TOPO2A was found to be overexpressed in approximately 50% of sarcomas, without associated gene amplification. This overexpression was most common in angiosarcoma, leiomyosarcoma, and undifferentiated pleomorphic sarcoma. The study authors concluded that the utility of TOPO2A should be studied as a biomarker for sensitivity to anthracyclines, especially in relation to TP53 status in a tumor.
“Profiling through protein expression, gene copy variations, and mutations identified alterations in 99% of sarcoma samples,” Dr. Agulnik reported. “Future clinical trials are needed to determine the predictive and/or prognostic nature of these findings.” ■
Disclosure: Dr. Agulnik is a consultant for and receives honoraria from Novartis and GlaxoSmithKline.
References
1. Demetri GD, Rankin CJ, Benjamin RS, et al: Long-term disease control of advanced gastrointestinal stromal tumors (GIST) with imatinib (IM): 10-year outcomes from SWOG phase III intergroup trial S0033. ASCO Annual Meeting. Abstract 10508. Presented June 1, 2014.

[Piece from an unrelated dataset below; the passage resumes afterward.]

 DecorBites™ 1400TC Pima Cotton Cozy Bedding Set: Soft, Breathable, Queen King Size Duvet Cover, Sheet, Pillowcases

2. Heinrich MC, von Mehren M, Demetri GD, et al: A phase 2 study of pontanib in patients (pts) with advanced gastrointestinal stromal tumors (GIST) after failure of tyrosine kinase inhibitor (TKI) therapy: Initial report. ASCO Annual Meeting. Abstract 10506. Presented June 1, 2014.
3. Movva S, Wen W, Chen W, et al: Predictive biomarker profiling of > 1,900 sarcomas: Identification of potential novel treatment modalities. ASCO Annual Meeting. Abstract 10509. Presented June 1, 2014.